Crime and Punishment

     I've never been a person who enjoys exercise.  I still don't.  At best I look at exercising as a chore. I'm coming to terms with the fact that exercise is necessary not only for weigh loss, but for overall health--and I'm getting my ass off the couch and making healthy lifestyle changes.  However, I'll be honest with you--I'm still not a fan.  What I am a fan of is food.  I've never been a picky eater.  I like to try new things, and at the same time find comfort in my old favorites.  I'm having to learn portion control.  I'm having to learn how to say no to instant gratification.  And you know what--- it's hard to do.  I'm a true believer that much of the battle for weight loss fought in our mind. Shedding pounds isn't just about changing your eating habits or your exercise routine.  It is about changing your mindset.   That my friends,  just might be the most difficult aspect of it all.  
     One thing I'm struggling with right now is changing my mind set regarding the balance between food and exercise.  I know that the secret to losing weight is burning more calories than you consume.  Simple math folks.  Calories in vs. calories out.  What I'm struggling with is a punitive mentality.  I have to stop the thought process that tells me that when I eat something "bad" I deserve to be "punished"--if I do the crime (eat something high in calories) I have to do the time (exercise).  I've got to realize that eating a enchilada is not a capital offense.  If I over indulge in tortilla chips on occasion, I don't have to sentence myself to two hours of hard labor on the treadmill.  (Can ya'll tell what I had for dinner last night?)  
     This kind of thinking is not healthy.  Quite honestly, it is the kind of thinking that fuels anorexia and bulimia--and that is scary.  Although I honestly don't think I'm in danger of succumbing to an eating disorder,  I do realize that  I'm never going to learn to enjoy exercise if I just look at it as doing penance.  If I berate myself every time I make a trip to the Mexican restaurant I won't enjoy what I'm eating, and I'll resent my next workout.  This is the opposite of productive.  I shouldn't be living my life like a character in some bleak Dostoyevsky novel.  Eating and exercise are not synonymous with crime and punishment.

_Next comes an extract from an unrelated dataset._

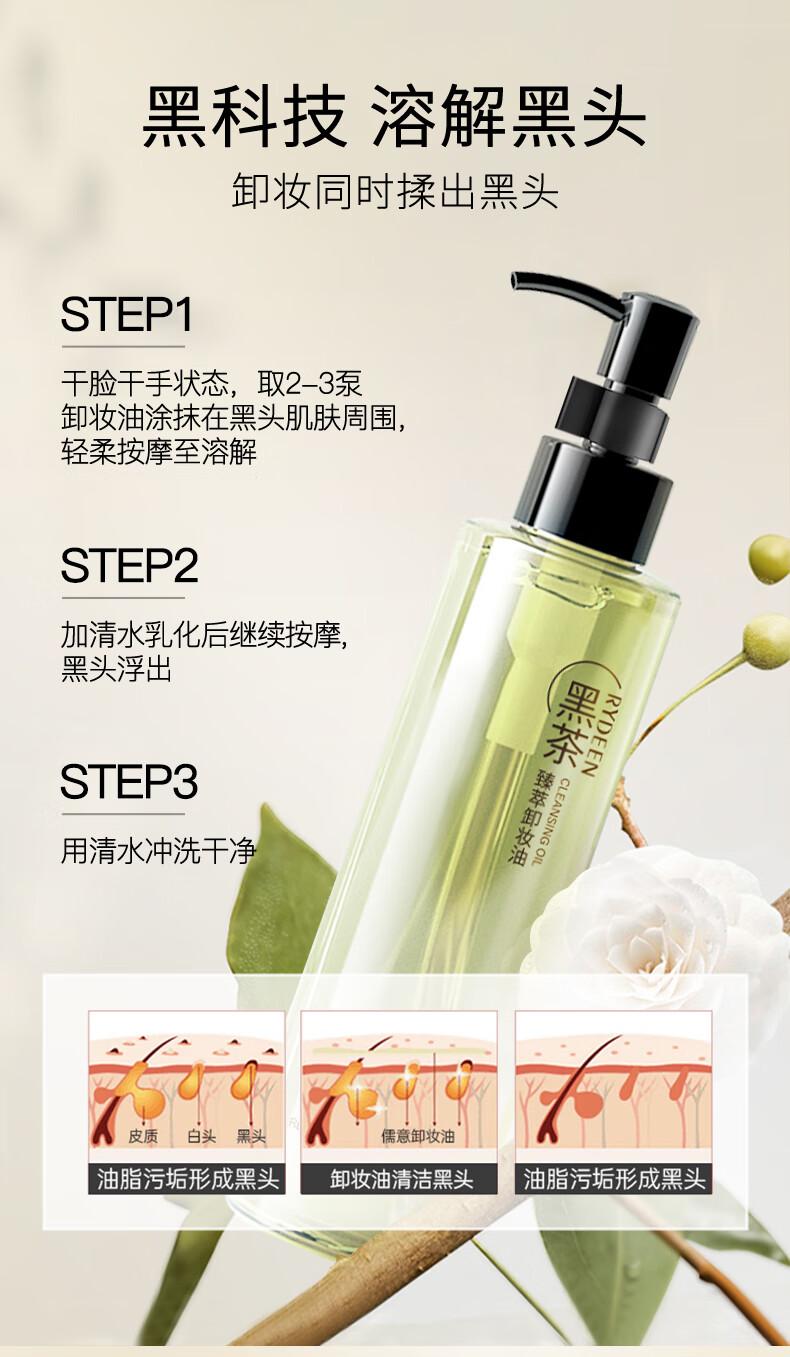 RYDEEN黑茶臻萃卸妆油脸部洁颜油植物温和无刺激清洁毛孔150ml 1瓶装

     I think a more productive way to look at balancing calories in vs. calories out is to think about it in terms of debits and credits.  Here's an analogy.  If I charge X amount on my credit card, I'm eventually going to have to pay that same amount off.  It is the same with eating.  If I eat X amount of calories, I'm going to have to burn that amount or more off by exercising.  If you over spend, or overeat, there are consequences.  That's why it is important to budget.  Budgeting, whether with our money or with food, helps us make wise choices and avoid impulsive decisions.  
      Another part of losing the crime and punishment mentality is looking at all of the benefits I get from exercise.  This might not help me enjoy it any more, but it does build my incentive.  I can feel my stamina increasing. I know my heart and lungs are getting stronger.  Walking a mile used to seem unattainable. Now, I can routinely run/walk three or more.  Daily activities that once caused me to become winded such as climbing stairs or walking through the mall  are no longer physically taxing.  Another thing that build incentive is the fact that I can feel my muscles getting tighter and more toned.  While I'm still not totally satisfied with my refection, my changing physique makes me like the person in the mirror a hell of a lot more.  Also, I now understand what people are talking about when they say they feel good after they exercise.  I may not feel fantastic while I'm sweating it out, but I sure do feel better afterward.  I feel more alive while I'm awake, and I sleep so much better at night. These are all things to celebrate!  
     I won't tell you that changing my mindset is easy.  It is challenging to overcome years of negative thinking.  These old habits die hard.  But, I will tell you, just like losing the weight, changing my thinking is doable.  100 pounds ago, I never thought I'd be where I am today.  I've just got to keep believing and sending positive messages to myself all the while pushing the negativity back where it belongs.